# Tekonsha Voyager Brake Controller



## dhdb (Dec 14, 2009)

Does anyone else use the Voyager as a brake controller? I am having problems setting the controller in my TV. I can't get it "dialed-in" correctly. Friday nite in bumper 2 bumper traffic the brakes started to squeal! Pulled over in a parking lot and checked out everything. Tried backing-up to release brakes. Eventually disconnected power to TT and drove in circles around lot to clear out brake-dust. IT WORKED! Headed north again for the rest of the trip. I had to turn the TT brakes down until I was out of traffic.
Everytime I think I have it set right, I find out my brakes are dragging. Or, I have it set too low and I'm not getting enough power sent to the brakes. I might just switch to a Prodigy unit, but I think this unit is decent. I've never had a problem in the past (towing dump trailer).
Anyone's input/insight would be appreciated.


----------



## Nathan (Jan 2, 2007)

What model? Is it a time delay, or an mechanical inertia (pendulum type) or a solid state (accelerometer based)?


----------



## gzaleski (Aug 29, 2009)

It's activated by inertia. Here's a link to a manual, maybe it will help.

glen...


----------



## Nathan (Jan 2, 2007)

There are 3 issues with those.

1. Operator doesn't set the angle correctly.

2. Driver is driving up or down steep hill.

3. Road is pretty bumpy and the TV brakes are likely applied causing the BC to think you are stopping faster due to the pendulum swining due to the bumps...


----------



## outback loft (Sep 22, 2008)

The Voyager is an inertia activated controller. I had similar issues when I was using it. In stop and go traffic the brakes would grab hard and sometimes lock up, so I would lower the gain.

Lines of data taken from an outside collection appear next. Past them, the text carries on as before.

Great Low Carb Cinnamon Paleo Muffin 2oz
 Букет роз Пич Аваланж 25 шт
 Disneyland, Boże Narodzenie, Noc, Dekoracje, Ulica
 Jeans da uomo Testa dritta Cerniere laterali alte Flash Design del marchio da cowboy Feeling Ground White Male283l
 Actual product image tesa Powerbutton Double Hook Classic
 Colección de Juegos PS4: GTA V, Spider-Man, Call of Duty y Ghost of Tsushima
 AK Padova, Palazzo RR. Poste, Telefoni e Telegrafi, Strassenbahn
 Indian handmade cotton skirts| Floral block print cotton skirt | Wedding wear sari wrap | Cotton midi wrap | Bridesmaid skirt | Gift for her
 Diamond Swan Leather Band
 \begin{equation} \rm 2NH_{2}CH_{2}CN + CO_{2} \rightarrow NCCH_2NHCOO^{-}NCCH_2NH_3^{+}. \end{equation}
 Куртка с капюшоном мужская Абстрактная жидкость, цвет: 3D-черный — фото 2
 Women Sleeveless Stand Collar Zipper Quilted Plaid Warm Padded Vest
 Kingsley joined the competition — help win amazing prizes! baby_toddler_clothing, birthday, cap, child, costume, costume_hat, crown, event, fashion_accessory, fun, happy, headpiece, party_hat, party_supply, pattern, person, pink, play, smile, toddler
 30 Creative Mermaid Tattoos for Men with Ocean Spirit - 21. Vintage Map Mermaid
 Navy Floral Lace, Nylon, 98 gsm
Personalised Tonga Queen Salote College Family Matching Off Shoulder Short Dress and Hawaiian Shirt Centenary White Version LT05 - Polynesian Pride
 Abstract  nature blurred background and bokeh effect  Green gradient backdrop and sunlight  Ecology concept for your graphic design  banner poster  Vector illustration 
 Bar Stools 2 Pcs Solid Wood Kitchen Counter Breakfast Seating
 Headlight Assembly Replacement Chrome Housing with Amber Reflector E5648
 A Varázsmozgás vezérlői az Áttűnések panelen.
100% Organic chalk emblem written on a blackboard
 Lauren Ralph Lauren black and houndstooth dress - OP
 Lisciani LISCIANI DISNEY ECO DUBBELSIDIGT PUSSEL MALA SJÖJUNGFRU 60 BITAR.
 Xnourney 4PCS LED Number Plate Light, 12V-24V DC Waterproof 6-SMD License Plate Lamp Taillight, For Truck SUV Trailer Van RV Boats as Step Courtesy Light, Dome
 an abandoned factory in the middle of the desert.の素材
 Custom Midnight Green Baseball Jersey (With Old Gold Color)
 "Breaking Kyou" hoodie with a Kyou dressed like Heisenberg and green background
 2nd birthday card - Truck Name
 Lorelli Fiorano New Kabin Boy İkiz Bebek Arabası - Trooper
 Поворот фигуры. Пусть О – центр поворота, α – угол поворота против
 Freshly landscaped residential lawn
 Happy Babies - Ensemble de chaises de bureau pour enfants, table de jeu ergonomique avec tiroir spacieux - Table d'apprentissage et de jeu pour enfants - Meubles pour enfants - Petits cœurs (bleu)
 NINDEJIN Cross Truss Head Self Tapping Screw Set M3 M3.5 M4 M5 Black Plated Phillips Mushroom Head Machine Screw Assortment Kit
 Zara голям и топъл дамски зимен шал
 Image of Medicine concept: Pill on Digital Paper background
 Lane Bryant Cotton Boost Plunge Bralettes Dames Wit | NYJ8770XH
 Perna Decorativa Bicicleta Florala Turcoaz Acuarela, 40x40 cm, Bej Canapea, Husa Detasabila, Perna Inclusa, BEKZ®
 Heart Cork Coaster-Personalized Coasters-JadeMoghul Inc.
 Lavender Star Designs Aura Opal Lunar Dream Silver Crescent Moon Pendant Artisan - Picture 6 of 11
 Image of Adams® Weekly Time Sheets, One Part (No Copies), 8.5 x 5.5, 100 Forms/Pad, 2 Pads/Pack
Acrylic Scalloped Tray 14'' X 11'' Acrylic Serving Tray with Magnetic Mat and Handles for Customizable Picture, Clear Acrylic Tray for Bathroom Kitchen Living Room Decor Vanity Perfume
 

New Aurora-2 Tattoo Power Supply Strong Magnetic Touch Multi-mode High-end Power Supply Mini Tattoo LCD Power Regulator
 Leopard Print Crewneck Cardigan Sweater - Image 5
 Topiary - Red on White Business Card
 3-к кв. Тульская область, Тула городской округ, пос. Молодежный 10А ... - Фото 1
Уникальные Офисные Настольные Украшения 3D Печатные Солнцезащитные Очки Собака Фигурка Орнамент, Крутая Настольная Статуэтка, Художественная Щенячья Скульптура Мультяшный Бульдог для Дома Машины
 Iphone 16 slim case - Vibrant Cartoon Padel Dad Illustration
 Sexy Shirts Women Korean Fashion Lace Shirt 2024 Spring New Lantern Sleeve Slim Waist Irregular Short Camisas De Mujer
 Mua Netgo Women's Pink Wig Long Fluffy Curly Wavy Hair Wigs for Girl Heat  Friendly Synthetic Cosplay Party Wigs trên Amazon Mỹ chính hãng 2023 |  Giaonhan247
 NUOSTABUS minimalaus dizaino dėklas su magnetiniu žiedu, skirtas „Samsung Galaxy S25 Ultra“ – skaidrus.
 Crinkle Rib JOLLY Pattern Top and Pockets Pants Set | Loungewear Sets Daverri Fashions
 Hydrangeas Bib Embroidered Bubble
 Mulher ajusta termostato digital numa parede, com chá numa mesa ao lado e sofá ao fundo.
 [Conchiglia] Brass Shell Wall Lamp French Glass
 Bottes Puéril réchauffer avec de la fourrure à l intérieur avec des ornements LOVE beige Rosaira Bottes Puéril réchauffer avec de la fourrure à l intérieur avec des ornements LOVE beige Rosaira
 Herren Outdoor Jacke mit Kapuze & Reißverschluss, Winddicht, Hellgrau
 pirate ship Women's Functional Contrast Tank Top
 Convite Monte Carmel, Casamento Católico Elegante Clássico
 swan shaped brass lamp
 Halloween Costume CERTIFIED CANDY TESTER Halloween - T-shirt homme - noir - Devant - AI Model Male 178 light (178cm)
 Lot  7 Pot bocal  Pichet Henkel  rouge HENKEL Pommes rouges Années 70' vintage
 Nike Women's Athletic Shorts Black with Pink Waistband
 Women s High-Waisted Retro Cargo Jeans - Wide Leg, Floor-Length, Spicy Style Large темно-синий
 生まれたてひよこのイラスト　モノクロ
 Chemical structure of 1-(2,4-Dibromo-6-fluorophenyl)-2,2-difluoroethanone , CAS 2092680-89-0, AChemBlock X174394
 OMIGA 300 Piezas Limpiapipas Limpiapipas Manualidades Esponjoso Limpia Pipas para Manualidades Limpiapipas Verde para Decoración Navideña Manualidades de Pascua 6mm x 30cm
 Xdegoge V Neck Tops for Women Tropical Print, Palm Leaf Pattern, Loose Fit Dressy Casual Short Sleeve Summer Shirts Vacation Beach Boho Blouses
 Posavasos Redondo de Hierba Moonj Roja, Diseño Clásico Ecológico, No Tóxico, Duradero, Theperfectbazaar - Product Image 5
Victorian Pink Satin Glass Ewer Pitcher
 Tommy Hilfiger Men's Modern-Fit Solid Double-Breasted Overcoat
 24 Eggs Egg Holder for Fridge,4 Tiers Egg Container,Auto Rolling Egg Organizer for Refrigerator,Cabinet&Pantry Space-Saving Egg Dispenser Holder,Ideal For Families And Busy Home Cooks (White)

When I would do this, then there was almost no feeling from the trailer brakes when slowing from high speeds.

I switched to the Prodigy P3 and it is a night and day difference.


----------



## Joonbee (Jan 18, 2008)

outback loft said:


> The Voyager is an inertia activated controller. I had similar issues when I was using it. In stop and go traffic the brakes would grab hard and sometimes lock up, so I would lower the gain. When I would do this, then there was almost no feeling from the trailer brakes when slowing from high speeds.
> 
> I switched to the Prodigy P3 and it is a night and day difference.


Ditto. Hted the Voyager. It is in the bottom drawer of my tools box, where it has been sent to rot. The Prodigy or P3, which is wht I switched to also, IS night and day. Haven't changed the setting on mine in 2 years. You will wonder why you waited so long to upgrade.

Jim


----------



## dhdb (Dec 14, 2009)

I just ordered a new P3 today. I thought I may have been setting it wrong so I wanted some opinions. The opinions I got were "change it". This is why I like this site so much! I would have been fooling around forever with a piece of equipment that never will respond/operate smoothly. Thanks everyone!


----------



## spepi (Apr 12, 2010)

Let me know if you need help...Im around Saturday...if you have it by then.


----------